▶ INSTRUCTIONS TO FOLLOW
Go through the material below and copy each line exactly.

▶ DATA
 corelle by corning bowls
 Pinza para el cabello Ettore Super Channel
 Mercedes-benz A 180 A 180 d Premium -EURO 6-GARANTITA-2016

▶ YOUR RESPONSE
 corelle by corning bowls
 Pinza para el cabello Ettore Super Channel
 Mercedes-benz A 180 A 180 d Premium -EURO 6-GARANTITA-2016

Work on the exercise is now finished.